1. Set Your Objectives: Determine where you want to be in the next month, quarter, year and three years. What do you want / need to accomplish at every stage in your sales and marketing cycle? How many sales? How much revenue? How many suspects, prospects and customers? Determine business objectives first, then examine marketing objectives and social media objectives that will help you meet the needs of the business.
2. Gather Intelligence: Understanding your audience is critical. Who are they? What do they do? What are their interests? What are their emotional and rational triggers and inhibitors? How do they behave both on and offline? Where are they? What sites do they visit regularly? A good place to start is to look at your existing customers – chances are there are more just like them. It’s also a good idea to subscribe to different demographic and psychographic services to identify similar audiences. Read what the analysts are publishing. Observe your audiences. Listen to what they are saying. Participate in the conversation.
3. Choose Your Weapons: Create marketing tactics and campaigns (both on and offline) that activate your audiences triggers and overcome their inhibitors. Make sure you use the right tools for the job. Understand which tactics will drive awareness, thought leadership, lead acquisition, nurturing, conversion and loyalty. Deploy only the best tactics for each purpose. Again some will be online, some will not. It all depends on what you are trying to accomplish. Be creative, be selective, be on brand and on strategy at all times.

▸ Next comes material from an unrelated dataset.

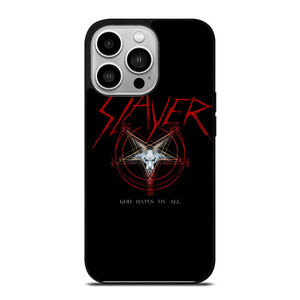 SLAYER ROCK BAND GOD HATES US ALL iPhone 14 Pro Case Cover SLAYER ROCK BAND GOD HATES US ALL iPhone 14 Pro Case Cover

4. Chart Your Course: Make sure your map (media plan and editorial calendar) addresses your audiences where they live, work and play. In short, hunt where the treasure is. If you are using Myspace and your audience is more of a Facebook crowd, you won’t be very successful.
5. Grab the Booty: As you capture leads and grow sales, remember to exploit advocacy wherever possible. Your customers can be your best sales people, especially on the social web.
6. Log Successes and Failures: Measure program performance. Understand what worked, what didn’t and note what adjustments should be made mid stream and in the future. Which social media sites were the most effective in reaching your audience? What’s the right frequency of communications? Measurement is critical to continuous improvement and long-term success.
7. Hire Mercenaries Carefully: You can’t swing a dead parrot without hitting an unemployed social media consultant. History tells us that the people who make the most money during a treasure hunt are not the pirates, but the people who sell them the treasure maps. Patricio Robles points out “Unfortunately, the rise of social media has created another internet opportunity that is ripe for snake oil salesmen. And boy have they taken advantage of it.” in the blog post, How to spot a social media snake oil salesman. Look for established agencies who have worked with companies like yours and have a proven track record of business success. Just because they have a Facebook page and 1000 Twitter followers, it does not mean they are experts. The bottom line is demonstrable business success for their clients.
8. Keep exploring: Experiment in uncharted waters, but remember where the best treasures are buried. The 80 / 20 rule of proven methods to experimentation applies.
Maintaining a strategic and balanced approach to your marketing program is an important step in helping you find treasure where others have failed. Understanding the relationship between social media with other tactics in your portfolio will help you get there faster, and use fewer resources along the away. Keep your hand on the helm and your eyes on the horizon and you’ll reach your destination safely.